Impatience, when it intensifies beyond the banal agitation of the ticket queue, and the anguish of a pacing lover, changes its nature and nails one to the floor. Instead of a single stimulating obsession, a universe of cattle prods prevents the slightest movement. Today everything had the impossible urgency of already being too late. I spent the morning breathless on my hotel bed. If there was an Oscar for Best Corpse, I would currently be making the longest acceptance speech in the history of that sincere ceremony. Who could I not thank, what could I not thank, for bringing me to this perfect paralysis? A thousand lines of tumbling dominoes crash in on every moment, bringing their descent to the character of each situation. Of course the dominoes don’t stop tumbling just because I call something a situation. The situation is itself a tumbling domino.
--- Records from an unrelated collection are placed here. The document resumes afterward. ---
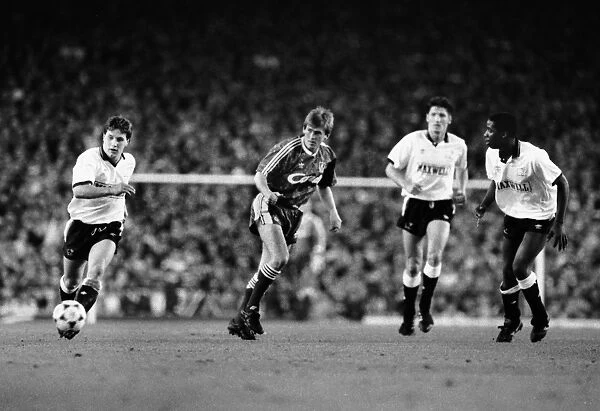 Liverpool 1 Derby 0. Football - 1989  /  1990 First Division - Liverpool 1 Derby County 0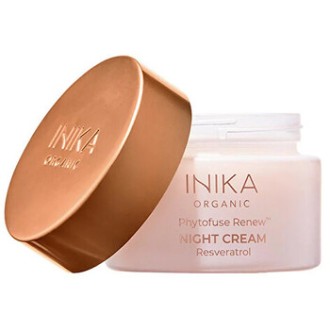 Inika Organic Phytofuse Renew Resveratrol Night Cream - naktinis kremas, 50 ml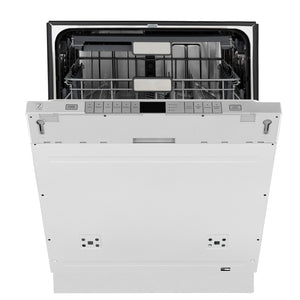 ZLINE 24" Monument Series 3rd Rack Top Touch Control Dishwasher in Custom Panel Ready with Stainless Steel Tub, 45dBa (DWMT-24)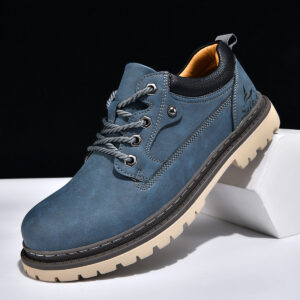 British-style Work Boots For Trendy Men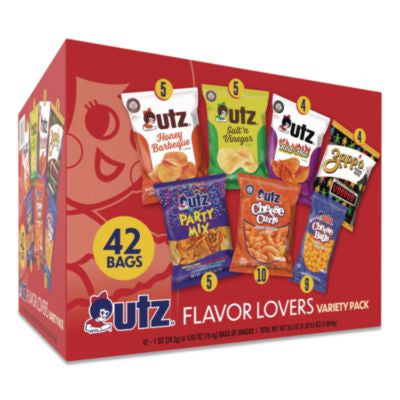 UTZUQF35231 Flavor Lovers Variety Pack, Assorted Flavors, 42/Carton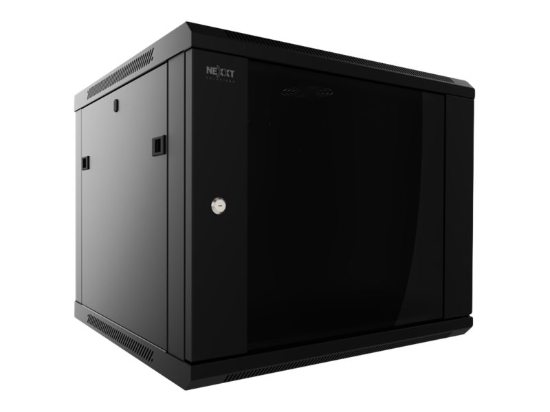 Imagen de Nexxt Solutions - Rack armario - instalable en pared - negro barniz, RAL 9005 - 6U - 19"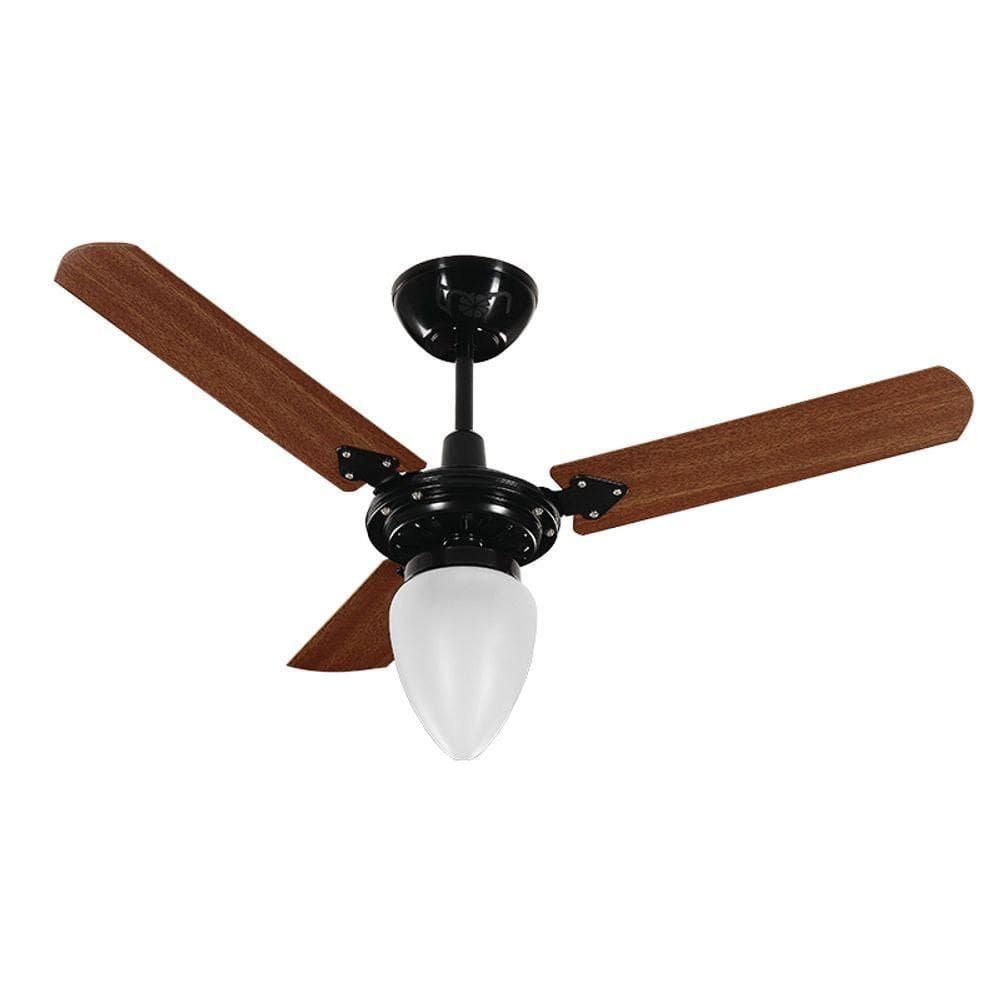 Ventilador De Teto Tron Pera New 3 Pás Preto - Verniz 127v
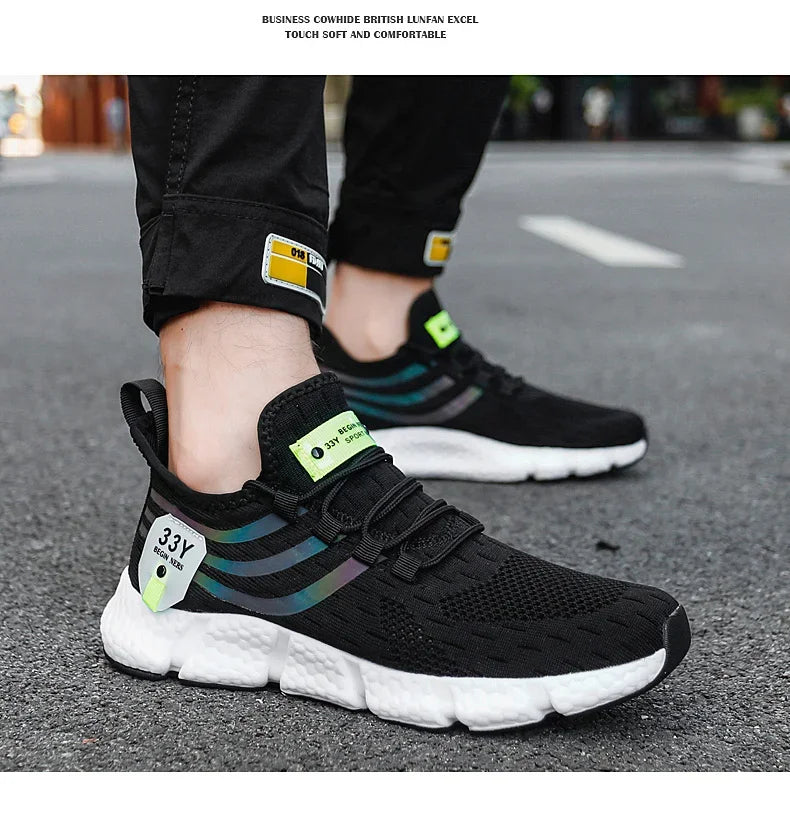 Men Shoes Sneakers Breathable Comfortable Casual Running Shoes Luxury Tenis Sneaker Male Footwear 2025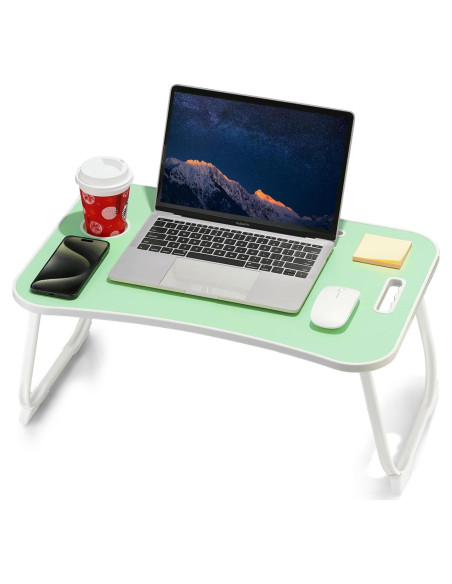 Mesa Plegable para Laptop ZEAPTAC Verde Pasto 60x40 cm
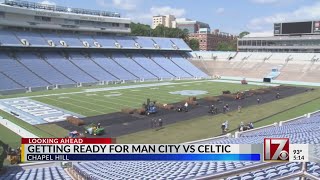 Getting ready for Manchester City FC vs Celtic FC [upl. by Rayle471]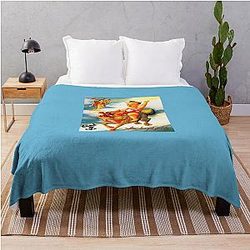 Best rock band STP Essential T-Shirt Throw Blanket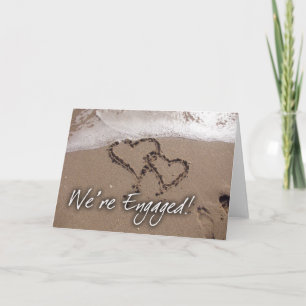 Liebes-Hochzeitskarte für den Strand Ankündigung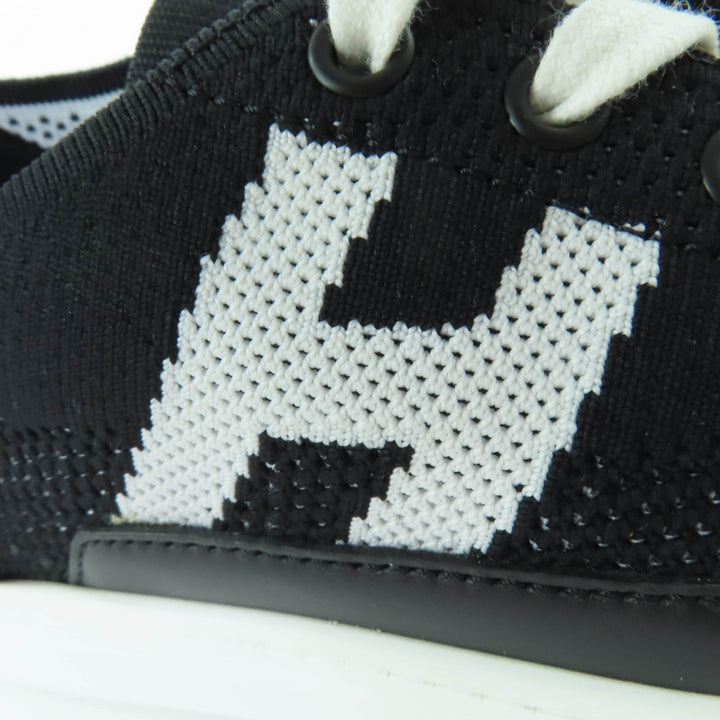 Pristine HERMES Low cut sneakers deep H logo leather black leather Women 36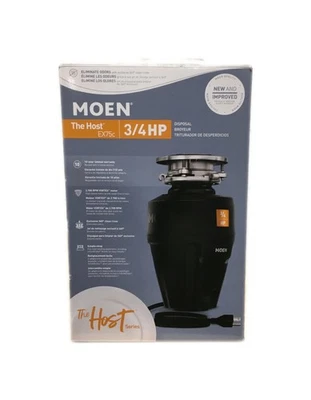 Moen Host Series 3/4 HP Continuous Feed Garbage Disposal Sound Reduction EX75C - Image 1 of 2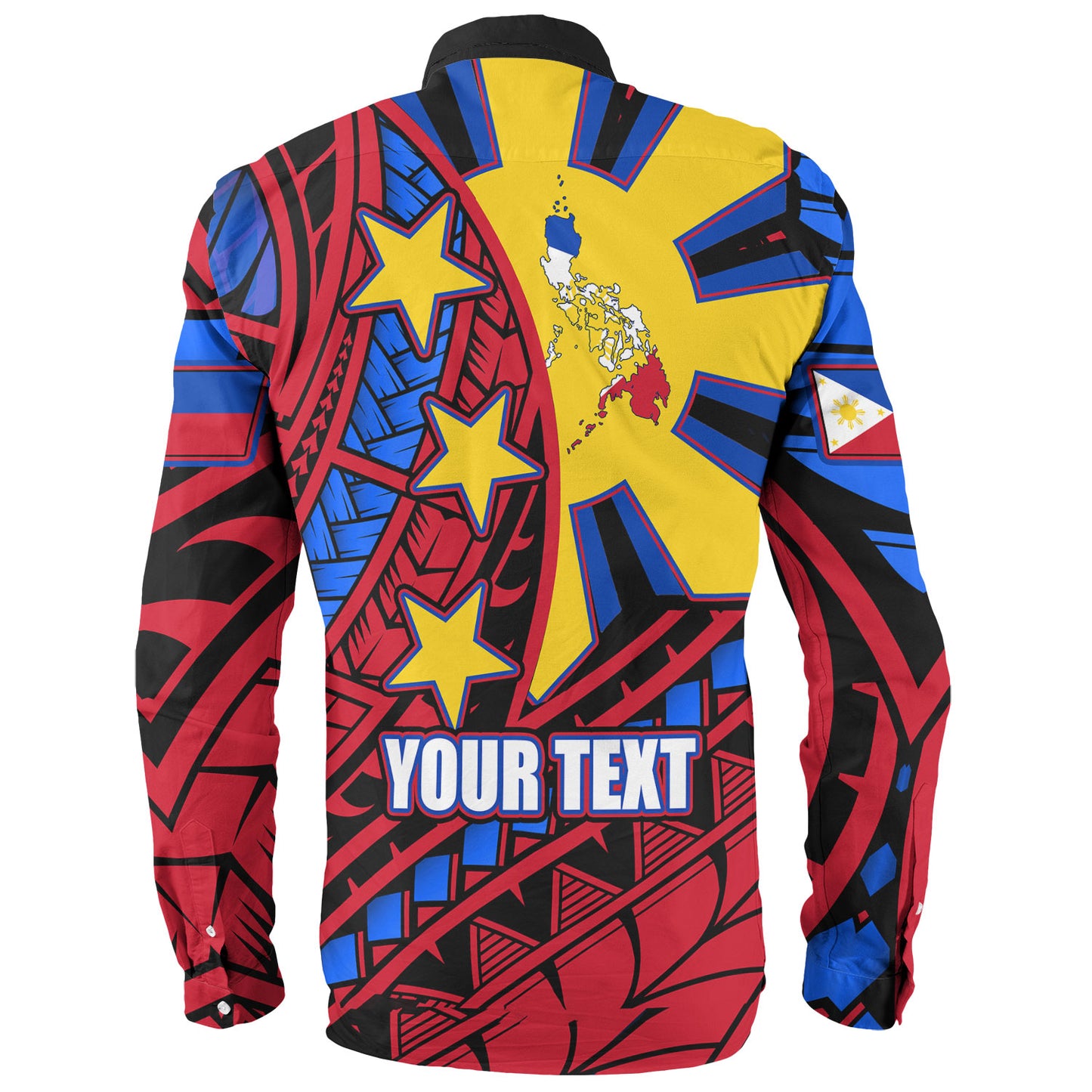 Philippines Long Sleeve Shirt Custom Lapu-Lapu The Legendary Filipino Hero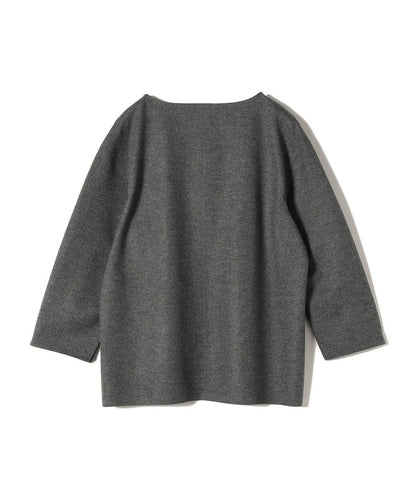 SHIPS Primary Navy Label:〈手洗い可能〉ウール ジャージー Vネック プルオーバー
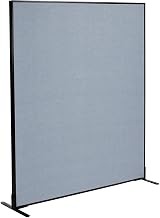 Global Industrial 60-1/4"W x 96"H Freestanding Office Partition Panel, Blue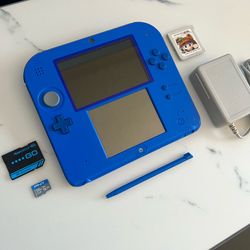 (M0d-d3d) Nintendo 2DS Electric Blue 128Gb Bundle $150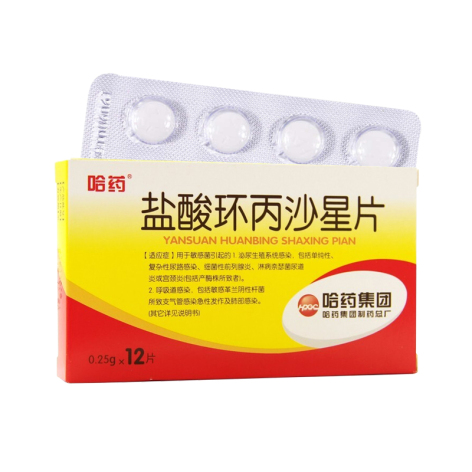 盐酸环丙沙星片(哈药)包装主图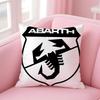 Auto Cool A-Abarth S-Scorpion Cushion Cover Pillow Case Soft Skin Friendly Fabric Comfort & Concealed Zipper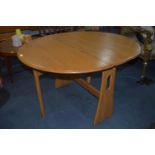 Ercol Oval Top Drop Leaf Dining Table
It is already too late to spend a significant amount of time with my daughter. Would it help her to be grasped by a dying stranger with the troubling title of ‘Daddy’? I would do the kind thing if I had any idea what it was.

It is already too late to master the field of consciousness studies, a field which in any case trumpets the insoluble nature of its enquiry. You name it, it’s already too late. I lay there, my thoughts anticipating themselves hopelessly and collapsing at their inception.

What finally got me off the bed was the wallpaper. I couldn’t stand that fucking wallpaper.

Why can’t I just crawl under a bush and die quietly? Why am I sitting here in the Brise Marine, waiting for the ferry to take me over to the island, worrying about how to put it, how to describe what happened to me this morning? The answer is simple. The moment I stop writing, a fungus invades my mind and, instead of the marble on which I was carving my epitaph, I am surrounded by the soft garbage of circumstance, my own death amounting to nothing more than a further mess.

Putting aside my reservations, I rang Heidi to arrange a time when I could see Ton Len. They were away for the weekend.

18

What an island! The straggling branches and peeling bark of the eucalyptuses in the dusty village square belong far further south than a short ferry ride. Outside the village, unmetalled roads turn into rocky paths. Shillings of light fall through the branches onto the wings of golden-tailed pheasants as they strut among the crunching leaves. Gulls lift from the sea spray and slice the salty sky. And the black sea, turned milky turquoise by the coast, heaves itself slowly onto the rocks and rushes down, pure white, in fleeting streams and cataracts. This is the southern coast, the wild side, looking out towards invisible land: Corsica, Sardinia, Africa.